South Africa: Millions Spent and Seven Years Later Hawkers Still Sit Without Stalls

South Africa: Millions Spent and Seven Years Later Hawkers Still Sit Without Stalls

Only 60 of 320 stalls were built yet Mbhashe municipality paid the contractor

  • Mbhashe Local Municipality in the Eastern Cape paid R16-million to build 320 stalls for hawkers in three towns according to councillors, but only 60 were built in one town.
  • Now the municipality is confiscating hawkers’ wares and refusing them permits, saying they cannot sell from the pavement.
  • The municipality refuses to give any details about the contractor or the tender, quoting the POPI Act and claiming it is sub judice, which is a misapplication of the law.

Mbhashe Local Municipality in the Eastern Cape refuses to name the construction company it paid R16-million, according to councillors, to build 320 stalls for hawkers in three towns. Only 60 stalls were built, in Dutywa, less than a fifth of what it was supposed to deliver. No stalls were built in Xhorha (Elliotdale) or Willowvale.

Now hawkers in Dutywa are up in arms because the municipality is refusing to renew their permits. It says they are prohibited from trading from the pavement. Yet it has failed to build them the promised stalls.

Dutywa Hawkers Steering Committee Secretary Mpumelelo Nogada said the municipality has no right to stop hawkers selling along the N2, unless it can provide an alternative proper space.
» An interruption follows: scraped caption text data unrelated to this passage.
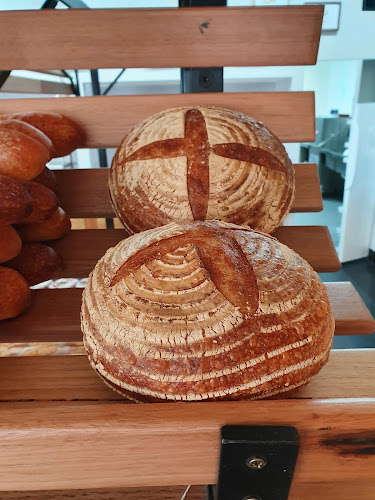 Opinii despre Le Peche Gourmand în Creswick - Hospitality and gastronomy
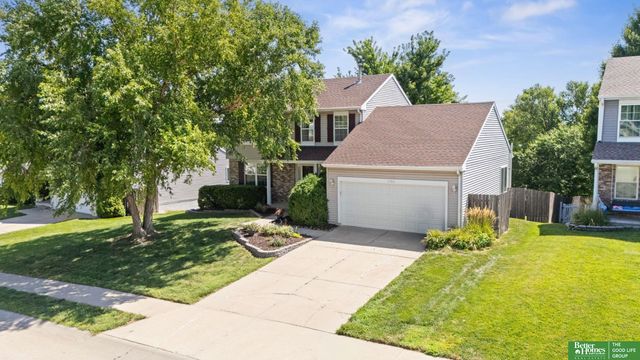 5703 S 160 Street, Omaha, NE 68135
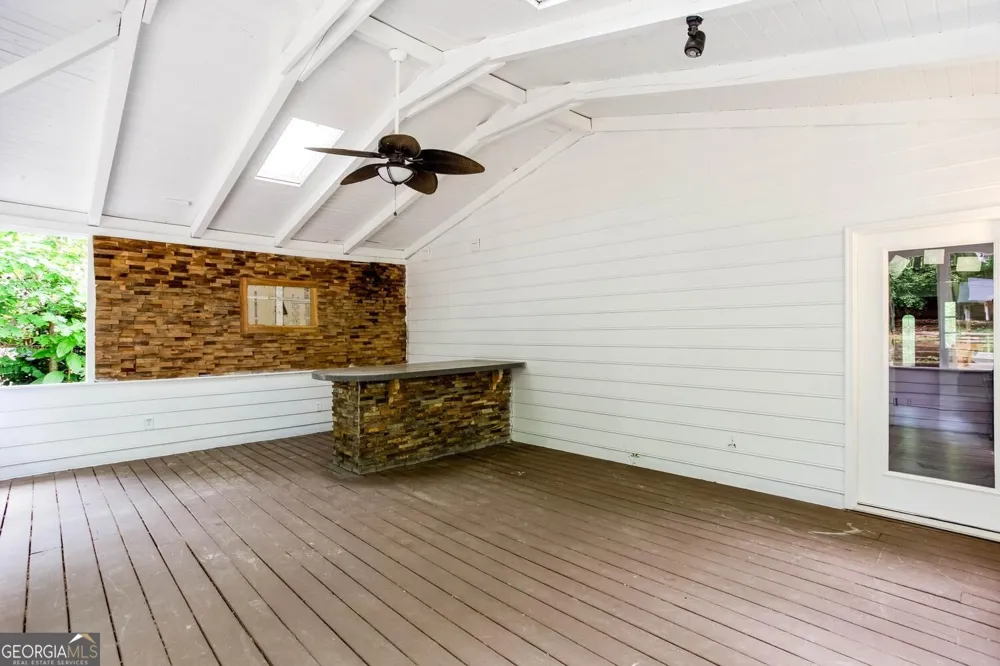 4817 Ridgewood Creek DR Acworth, GA 30102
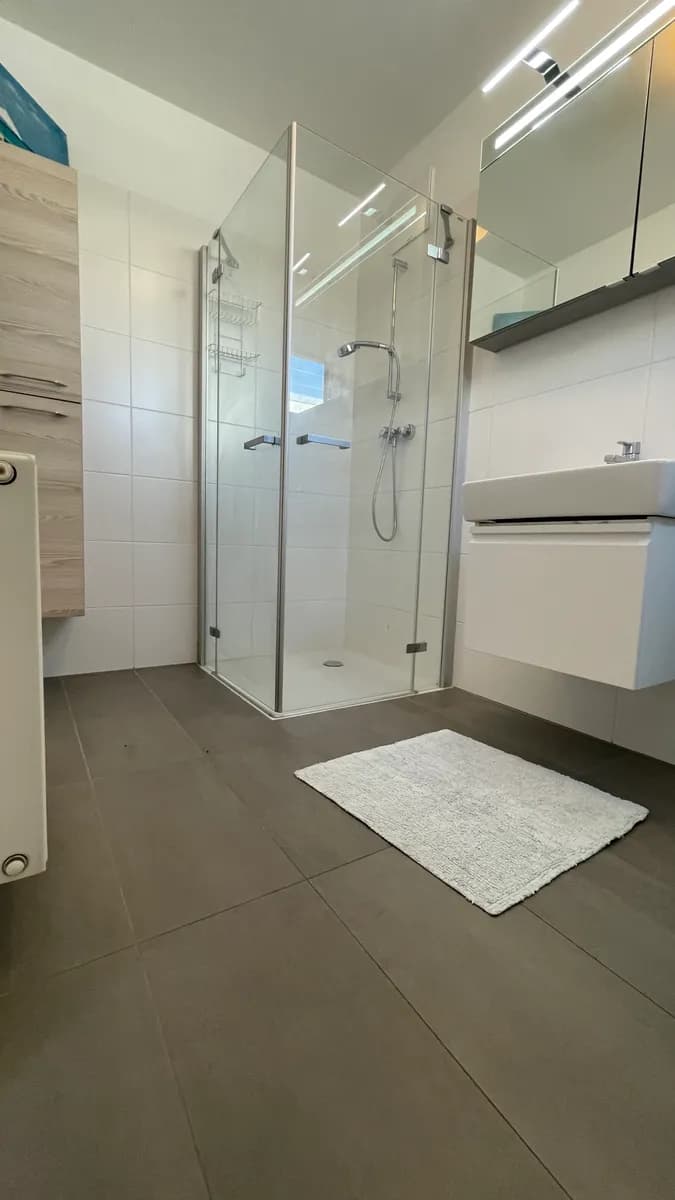2-Zimmer-Wohnung mieten in Wien – 54 m², € 1.150 – Bild 14 von 19
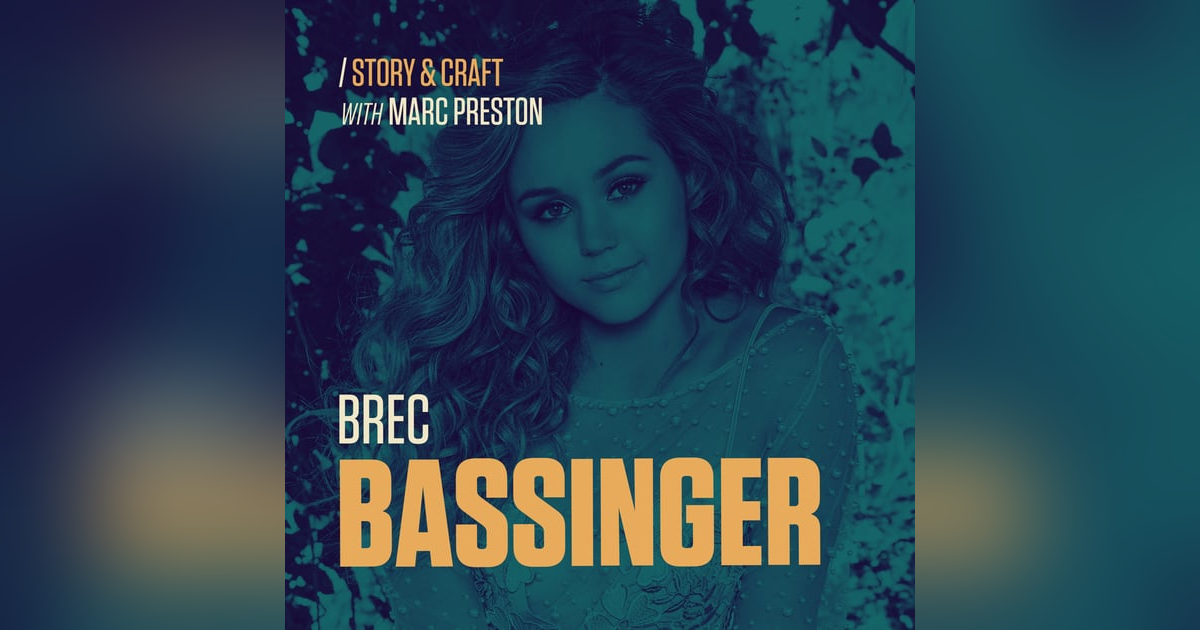 Brec Bassinger | Lone Star Girl Brec Bassinger | Lone Star Girl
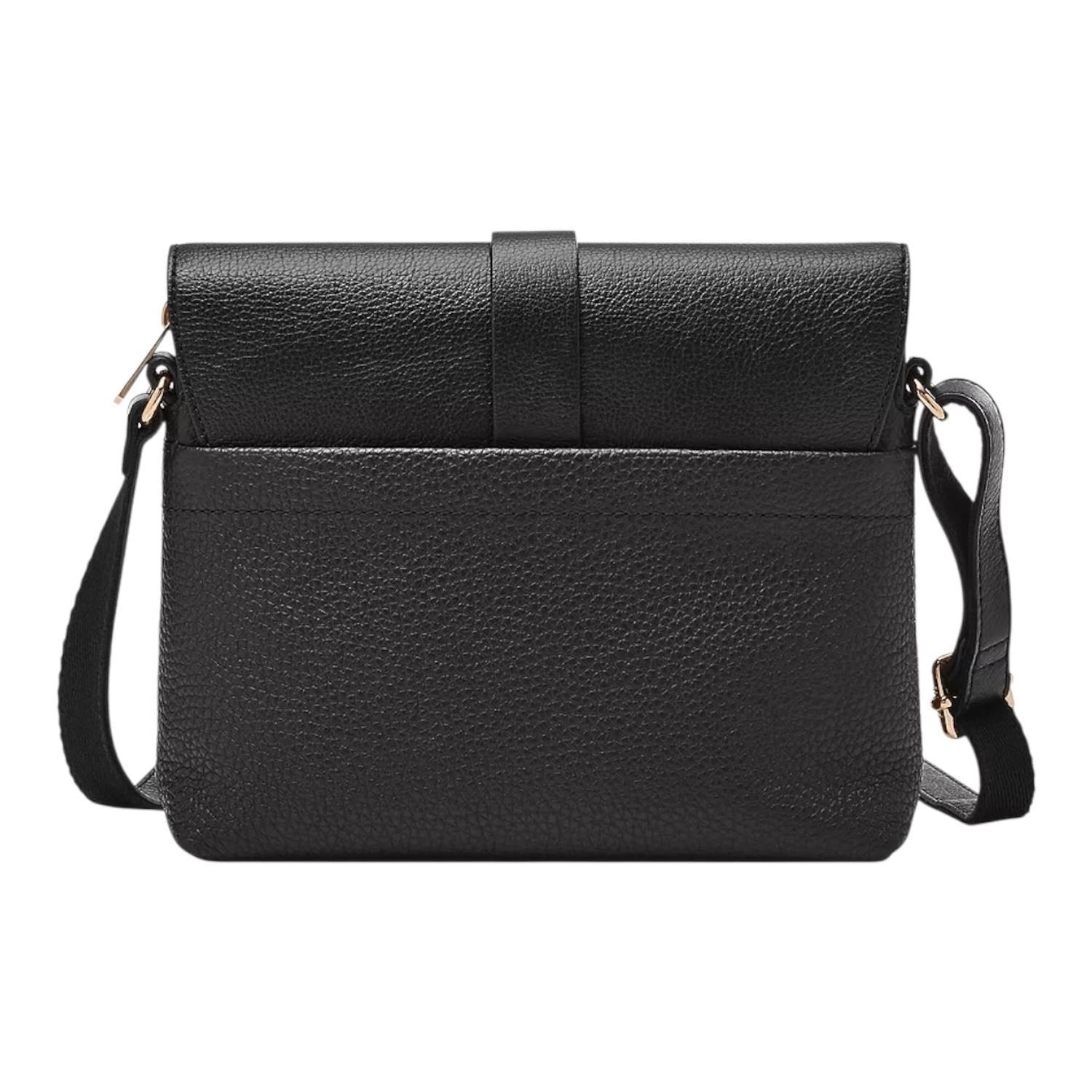 jpeg_1500x1500_68284717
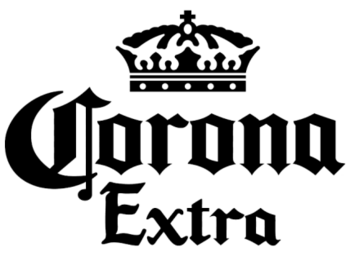 Corona Extra ( )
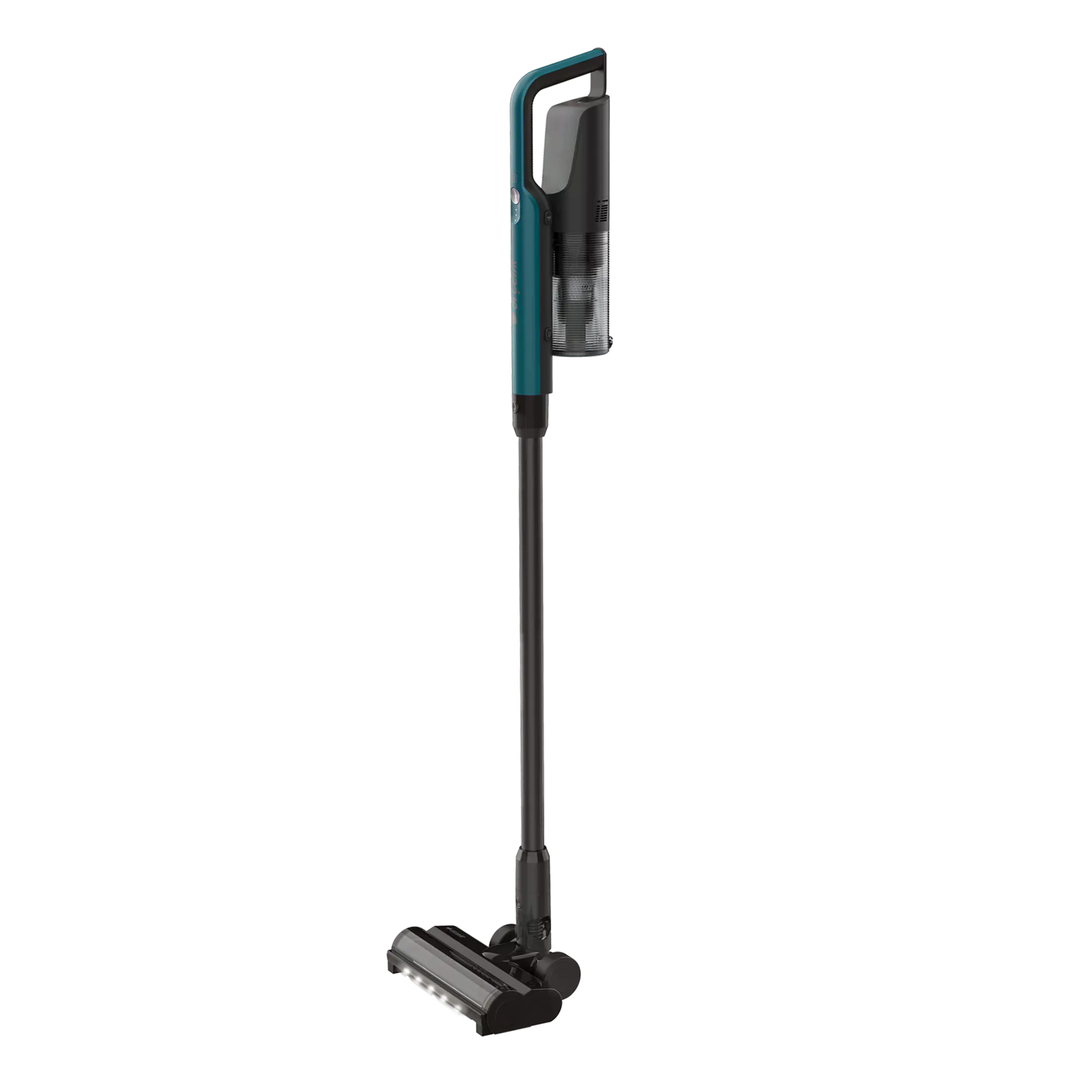 Arçelik Imperium Slim 1.0 SDI 3575 Şarjlı Dikey Süpürge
He said even some of the few stalls that were built have not been officially handed over to any hawkers.

Three ANC ward councillors, all of whom refused to be named, told GroundUp the matter has never gone to court. They said the contractor abandoned the site in 2019 after it was paid in full, an amount of R16-million.

UDM chief whip in the municipality, Usivile Mboneli, said the tender was R16-million for 320 hawker stalls and the contractor was paid in full. He said this was flagged by the Auditor General.

He named the contractor as Loyiso Engineers. “He defends himself by saying that he delivered the stalls and invoices are a proof of that,” said Mboneli.

“This is a very sad situation because the lawyers are also going to take more money from the municipality.”

We could not reach Loyiso Engineers for comment.

Mbhashe Local Municipality spokesperson Nomakhulu Dingane refused to name the contractor, saying this was due to the POPI Act. She refused to give any details, claiming the matter is sub judice (before a court). She confirmed that the matter is not yet in court, but lawyers have been briefed.

But the POPI Act contains no provisions preventing the municipality from disclosing the names of contractors. Nor does the matter being sub judice prevent the contractor being named or their contact details being provided.

A review by the municipality of its 2016 Integrated Development Plan gives a budget of R18-million for hawker stalls in Dutywa, R3.77-million for Xhorha and R1.2-million for Willowavale. It also reflects R7-million spent by 2017 on this. The project was funded by a Municipal Infrastructure Grant starting in 2014/15.

Hawkers in Dutywa complained that law enforcement had confiscated their wares. They said they were denied permits but they are determined to stay put.

Siyabonga Menani, who sells buckets and dustbins, said that twice in 2021 his wares were taken and he did not have the R500 the municipality demanded for their release. He tried selling again in 2022. He borrowed money from friends and managed to buy stock, but his goods were once again confiscated.

Hawkers’ steering committee member Zoliswa Ndlebe said the municipality “must give us our stores or let us sell where we want”.

“They keep on confiscating our items. It is enough … We will move from the N2, but only once all hawkers stalls are built,” she said.